The vast majority of brain activity is non-conscious; consciousness is "the tip of an iceberg" of neural activity. Yet the threshold for transition from pre-, non-, or sub-conscious processes into conscious awareness is unknown. The sub-conscious mind as revealed in dreams has been described by Matte Blanco as a place where "paradox reigns, and opposites merge to sameness". Reality is seemingly described by two separate sets of laws. In our everyday classical world, Newton's laws and Maxwell's equations accurately portray reality. However at small scales, the bizarre laws of quantum mechanics rule: particles are distorted in space and time (uncertainty), exist in multiple states or locations simultaneously (superposition) and remain connected in opposite states over distance (nonlocal entanglement). In the quantum world "paradox reigns and opposites merge to sameness".

The boundary, or threshold between the quantum and classical worlds (i.e. quantum state reduction, collapse of the wave function, measurement, decoherence) remains mysterious. Early quantum theorists attributed reduction/collapse to observation: "consciousness collapses the wave function". Modern physics attributes reduction/collapse to any interaction with the classical environment ("decoherence"). Neither solves the problem of isolated quantum superpositions which are nonetheless useful in quantum computation.

In quantum computation, information may be represented as isolated superpositions (e.g. as quantum bits—"qubits"—of both 1 AND 0) which interact/compute by nonlocal entanglement, and eventually reduce/collapse to classical solutions.

Based on a 1989 suggestion by Sir Roger Penrose, he and I have put forth a specific model of consciousness involving quantum computation in microtubules within the brain's neurons. Superpositions of multiple possible pre-/sub-conscious perceptions or choices reach threshold for self-collapse (by Roger's "objective reduction" due to properties of fundamental spacetime geometry), and select/reduce to particular classical perceptions or choices. Each reduction is a conscious event, a series of which gives a "stream of consciousness".

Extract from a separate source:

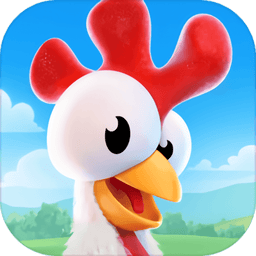 卡通农场 v1.72.1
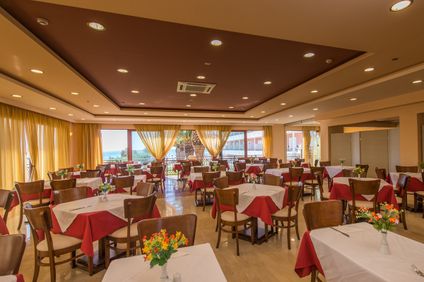 6. Bild der Unterkunft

The main scientific objection to our proposal has been that the brain is too warm for quantum computation which in the technological realm seems to require ultra cold temperatures to avoid thermal decoherence. However recent evidence shows that quantum processes in biological molecules are enhanced by increased temperature. Evolution has had billion of years to solve the problem of decoherence. Consciousness may be a particular form of quantum state reduction: a process on the edge between the quantum and classical worlds.